The Darling Dahlias and the Eleven O'Clock Lady

“Storm pushin’ in off the Gulf right about now. Could be a hurricane.”


“Just what we need,” Buddy said darkly, remembering the last hurricane that had blown through Darling, maybe ten years before. It had crossed the Gulf Coast west of Mobile, ripped the roof off Jake Pritchard’s Standard Oil station, blown in windows and torn up fine old trees all over town, and sent Pine Mill Creek out of its banks, flooding pastures and drowning old Tate Haggard’s cows. Buddy had been in high school then, and remembered that the sheriff had imposed a curfew and helped the mayor organize the cleanup. He probably ought to talk to Jed Snow, the current mayor, and figure out what they should do if this storm turned out to be a bad one.

He was reaching for the phone to call Jed when it rang. “Sheriff’s Office,” he said. He always liked what came next. “Sheriff Norris speakin’.”

“Buddy, this is Edna Fay Roberts,” a woman’s voice said. “Doc called a little while ago. He wanted me to call you.”

Buddy sat down, picked up a pencil, and pulled a piece of scratch paper toward him. Edna Fay was the doctor’s nurse as well as his wife. She might have news about the autopsy. “Is he finished?”

“Yes.” Then, in a louder voice, she said, “Henrietta Conrad, if you’re still on the line, I’ll thank you to get off, if you don’t mind.” There was a pause and then a click, as the Exchange operator broke the connection. “Those switchboard girls,” Edna Fay said, in a tsk-tsk voice. “Myra May tells them it’s against the rules for them to listen in, but they do it anyway, especially on the doctor’s line. Probably on the sheriff’s line, too. They like to think they’re getting the latest news hot off the wire.”

“That’s the truth,” Buddy remarked pleasantly, putting down the pencil and taking a sip of coffee. He had known Edna Fay since he was a kid, for he’d been accident prone and frequently ended up in Doc Roberts’ office getting stitched and splinted. In his experience, the lady was a talker. If you gave her an inch, she’d take the rest of the morning, and by noon, you’d be no wiser. But there was no hurrying her. She had to go at her own pace.

“It purely is,” Edna Fay said. “Anyway, Doc said to tell you that she was hit on the head—the right temple, actually. Hard enough to produce a skull fracture. He says it was probably something like a beer bottle.”

“Hit on the head?” Buddy picked up a pencil and wrote hit on the head on the scratch paper. Then: beer bottle. “I missed that.”

“Doc said it’d be easy to miss,” Edna Fay said. “It was in the hairline. And yes, she was strangled, no surprise there. But not with her stocking.”

“Wait a minute,” he said, frowning. “I saw the body myself. There was a stocking around her neck.”
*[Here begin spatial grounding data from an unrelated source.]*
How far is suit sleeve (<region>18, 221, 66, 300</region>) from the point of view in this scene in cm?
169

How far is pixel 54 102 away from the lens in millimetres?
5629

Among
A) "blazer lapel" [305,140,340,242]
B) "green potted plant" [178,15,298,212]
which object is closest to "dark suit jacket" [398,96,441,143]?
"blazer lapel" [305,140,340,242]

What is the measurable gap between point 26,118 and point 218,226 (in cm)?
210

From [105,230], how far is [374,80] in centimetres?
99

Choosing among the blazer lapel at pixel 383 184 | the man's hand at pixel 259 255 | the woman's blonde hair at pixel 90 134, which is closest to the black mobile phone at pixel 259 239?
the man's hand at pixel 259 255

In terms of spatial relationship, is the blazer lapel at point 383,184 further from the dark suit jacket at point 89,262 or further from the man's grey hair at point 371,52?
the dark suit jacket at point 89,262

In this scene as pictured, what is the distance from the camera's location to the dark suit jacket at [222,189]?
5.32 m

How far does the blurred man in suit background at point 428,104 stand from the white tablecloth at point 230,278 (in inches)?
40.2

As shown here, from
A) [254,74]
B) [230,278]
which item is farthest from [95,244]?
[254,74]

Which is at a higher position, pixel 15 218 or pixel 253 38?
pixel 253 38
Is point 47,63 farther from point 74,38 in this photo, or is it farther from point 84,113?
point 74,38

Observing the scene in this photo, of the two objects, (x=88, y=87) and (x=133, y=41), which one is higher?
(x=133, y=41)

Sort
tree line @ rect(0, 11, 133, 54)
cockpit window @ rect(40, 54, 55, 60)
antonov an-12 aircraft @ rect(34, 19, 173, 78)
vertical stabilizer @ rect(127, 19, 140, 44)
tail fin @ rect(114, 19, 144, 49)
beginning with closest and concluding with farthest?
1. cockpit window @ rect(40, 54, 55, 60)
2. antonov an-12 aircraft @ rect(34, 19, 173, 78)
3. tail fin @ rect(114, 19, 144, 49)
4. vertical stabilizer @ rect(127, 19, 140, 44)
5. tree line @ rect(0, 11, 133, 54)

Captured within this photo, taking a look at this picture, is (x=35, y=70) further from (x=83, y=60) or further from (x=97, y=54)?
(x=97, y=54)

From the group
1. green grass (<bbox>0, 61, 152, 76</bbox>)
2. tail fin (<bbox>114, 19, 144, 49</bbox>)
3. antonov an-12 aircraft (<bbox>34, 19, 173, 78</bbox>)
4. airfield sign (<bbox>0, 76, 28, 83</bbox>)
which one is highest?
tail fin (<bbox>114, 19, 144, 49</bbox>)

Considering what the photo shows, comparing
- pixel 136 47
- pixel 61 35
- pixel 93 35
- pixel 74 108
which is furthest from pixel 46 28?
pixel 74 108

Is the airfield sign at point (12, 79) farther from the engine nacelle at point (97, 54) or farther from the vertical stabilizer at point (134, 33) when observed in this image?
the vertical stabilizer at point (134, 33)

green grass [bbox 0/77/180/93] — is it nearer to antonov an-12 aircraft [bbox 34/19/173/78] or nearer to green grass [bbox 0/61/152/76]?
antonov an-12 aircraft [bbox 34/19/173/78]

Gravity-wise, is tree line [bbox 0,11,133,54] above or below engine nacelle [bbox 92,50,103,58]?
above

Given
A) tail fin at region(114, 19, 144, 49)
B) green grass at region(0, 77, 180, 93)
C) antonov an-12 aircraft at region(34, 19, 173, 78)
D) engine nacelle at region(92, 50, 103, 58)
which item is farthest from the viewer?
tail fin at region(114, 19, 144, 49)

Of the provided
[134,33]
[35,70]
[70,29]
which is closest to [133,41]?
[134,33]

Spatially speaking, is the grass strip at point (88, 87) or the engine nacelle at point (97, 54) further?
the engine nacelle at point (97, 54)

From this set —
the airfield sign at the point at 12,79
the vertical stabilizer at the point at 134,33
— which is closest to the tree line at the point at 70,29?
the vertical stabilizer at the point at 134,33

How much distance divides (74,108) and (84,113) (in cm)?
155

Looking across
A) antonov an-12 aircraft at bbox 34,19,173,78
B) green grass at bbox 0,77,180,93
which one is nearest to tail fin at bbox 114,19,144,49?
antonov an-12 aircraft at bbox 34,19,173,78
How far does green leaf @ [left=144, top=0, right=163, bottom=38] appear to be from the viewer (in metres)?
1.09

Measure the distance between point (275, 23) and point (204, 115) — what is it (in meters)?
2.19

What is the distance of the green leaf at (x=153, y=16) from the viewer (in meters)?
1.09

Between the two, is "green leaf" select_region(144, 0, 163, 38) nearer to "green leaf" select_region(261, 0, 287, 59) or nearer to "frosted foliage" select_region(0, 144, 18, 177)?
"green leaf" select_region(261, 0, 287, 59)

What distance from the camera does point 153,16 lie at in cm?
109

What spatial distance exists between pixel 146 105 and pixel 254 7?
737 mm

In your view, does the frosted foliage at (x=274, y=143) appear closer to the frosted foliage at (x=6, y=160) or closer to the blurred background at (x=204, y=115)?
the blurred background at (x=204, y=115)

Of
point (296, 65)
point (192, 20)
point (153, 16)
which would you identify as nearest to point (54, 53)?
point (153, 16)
“Yes. There was a stocking around her neck. But she was strangled with a rope. A hemp rope. Doc said he could tell by the bruises, and by some hemp fibers that broke off and got embedded in her skin. The stocking came later. Afterward.”

“Ah,” Buddy said. “I see.” The stocking might have been added to make it look more like a sexual assault. He jotted the words hemp rope on the scratch paper.
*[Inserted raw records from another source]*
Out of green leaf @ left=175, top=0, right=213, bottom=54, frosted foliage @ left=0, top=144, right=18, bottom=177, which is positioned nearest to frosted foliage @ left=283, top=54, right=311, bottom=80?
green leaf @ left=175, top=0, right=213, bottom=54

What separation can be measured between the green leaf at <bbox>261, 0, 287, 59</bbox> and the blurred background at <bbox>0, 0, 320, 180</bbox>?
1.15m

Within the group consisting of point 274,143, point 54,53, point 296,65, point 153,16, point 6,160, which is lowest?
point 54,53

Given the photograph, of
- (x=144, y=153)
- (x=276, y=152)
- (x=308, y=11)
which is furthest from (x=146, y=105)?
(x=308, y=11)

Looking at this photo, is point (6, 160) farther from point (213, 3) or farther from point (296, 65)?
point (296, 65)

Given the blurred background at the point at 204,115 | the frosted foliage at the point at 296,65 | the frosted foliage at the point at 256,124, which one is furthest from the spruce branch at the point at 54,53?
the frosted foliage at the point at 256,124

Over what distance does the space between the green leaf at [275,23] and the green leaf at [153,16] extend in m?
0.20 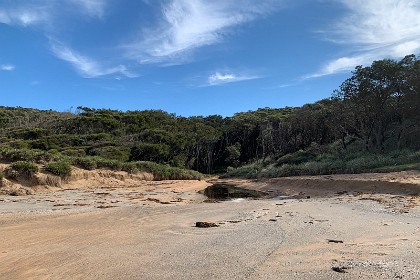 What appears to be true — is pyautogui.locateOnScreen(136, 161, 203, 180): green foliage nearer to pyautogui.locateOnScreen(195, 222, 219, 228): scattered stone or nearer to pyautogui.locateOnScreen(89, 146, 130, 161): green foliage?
pyautogui.locateOnScreen(89, 146, 130, 161): green foliage

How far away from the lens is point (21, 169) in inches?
787

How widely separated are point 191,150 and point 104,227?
42650mm

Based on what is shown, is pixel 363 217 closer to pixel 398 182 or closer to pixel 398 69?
pixel 398 182

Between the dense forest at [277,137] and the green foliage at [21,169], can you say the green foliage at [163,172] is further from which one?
the green foliage at [21,169]

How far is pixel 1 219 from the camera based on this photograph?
1095 centimetres

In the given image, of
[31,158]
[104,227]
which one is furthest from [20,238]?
[31,158]

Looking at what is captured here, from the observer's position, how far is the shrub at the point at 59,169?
71.7 ft

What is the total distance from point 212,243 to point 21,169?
16.1 meters

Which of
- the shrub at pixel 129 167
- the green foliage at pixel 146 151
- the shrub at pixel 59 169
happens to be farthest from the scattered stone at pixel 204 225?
the green foliage at pixel 146 151

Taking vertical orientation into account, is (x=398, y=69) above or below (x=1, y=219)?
above

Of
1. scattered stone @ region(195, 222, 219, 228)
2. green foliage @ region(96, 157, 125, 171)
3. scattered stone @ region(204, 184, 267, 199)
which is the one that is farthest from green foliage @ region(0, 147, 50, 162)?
scattered stone @ region(195, 222, 219, 228)

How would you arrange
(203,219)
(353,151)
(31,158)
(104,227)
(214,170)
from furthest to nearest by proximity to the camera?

“Doc said it wasn’t just real easy to fix a time of death,” Edna Fay said. “He guesses it’s around midnight, give or take. But he also found—”

She broke off and Buddy drew a circle on his scratch paper. “Darla Ann,” she said in an exasperated tone to somebody on her end of the line, “I thought you were supposed to be hanging those sheets out. What are you waitin’ for?”